## [ENTRIES PROVIDED]
::::
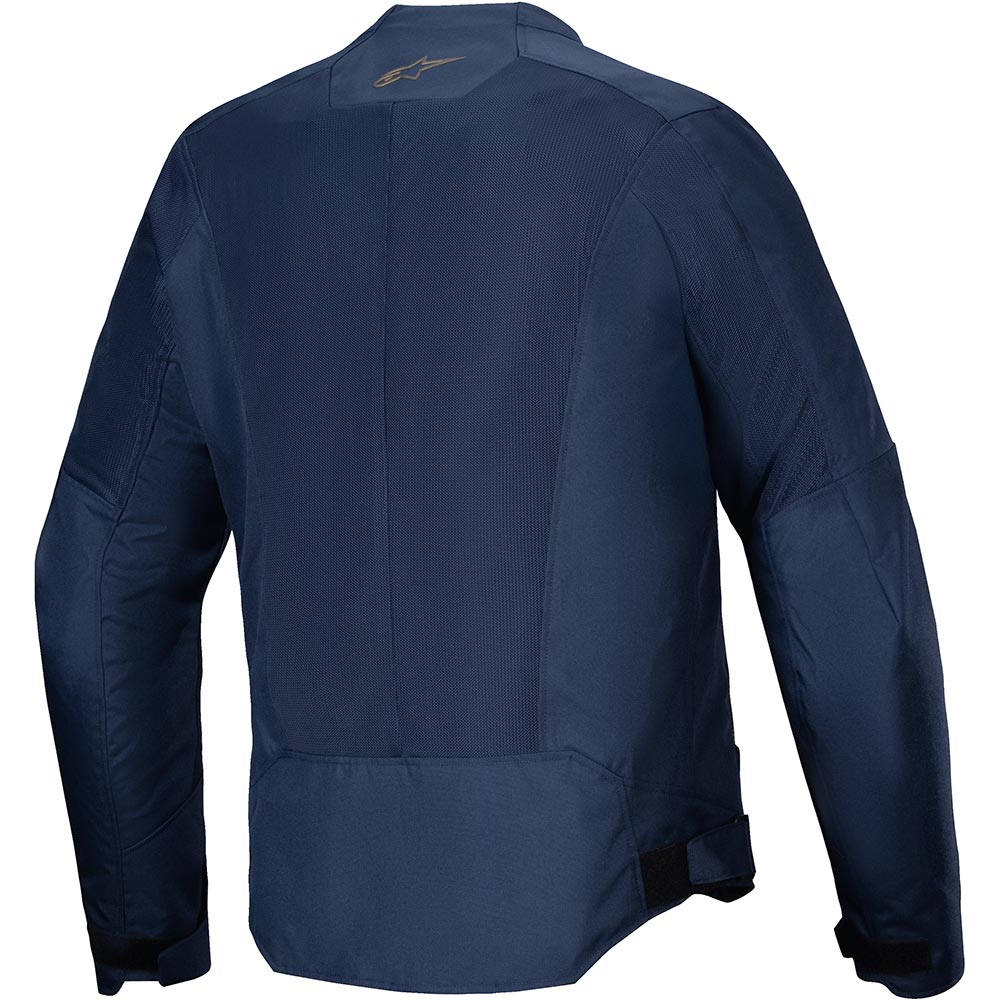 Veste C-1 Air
::::
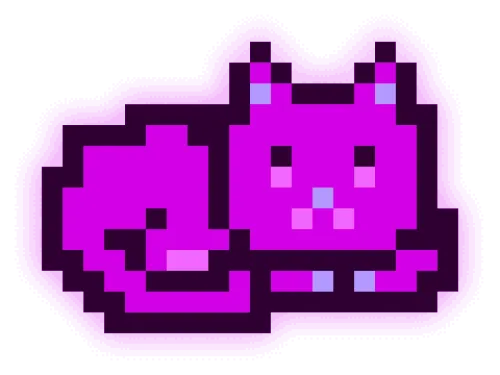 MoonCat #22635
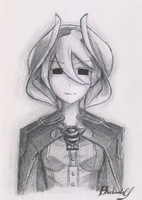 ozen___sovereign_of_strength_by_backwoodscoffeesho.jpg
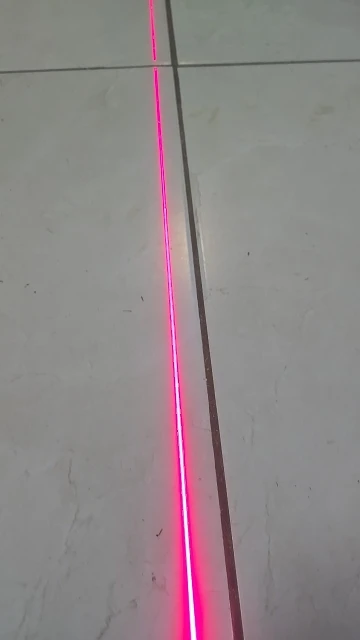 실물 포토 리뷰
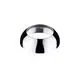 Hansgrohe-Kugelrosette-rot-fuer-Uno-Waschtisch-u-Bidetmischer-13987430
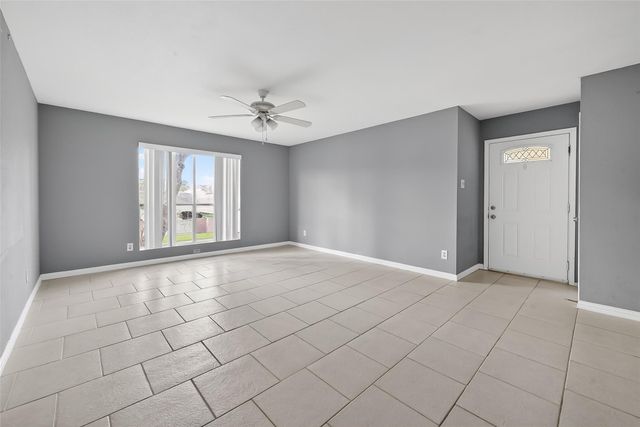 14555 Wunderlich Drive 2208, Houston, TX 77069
::::
Beginning with the line that contains "ozen___sovereign_of_strength_by_backwoodscoffeesho.jpg" and ending with the line that contains "14555 Wunderlich Drive", reproduce the listing exactly, pictures excluded.

 ozen___sovereign_of_strength_by_backwoodscoffeesho.jpg
 실물 포토 리뷰
 Hansgrohe-Kugelrosette-rot-fuer-Uno-Waschtisch-u-Bidetmischer-13987430
 14555 Wunderlich Drive 2208, Houston, TX 77069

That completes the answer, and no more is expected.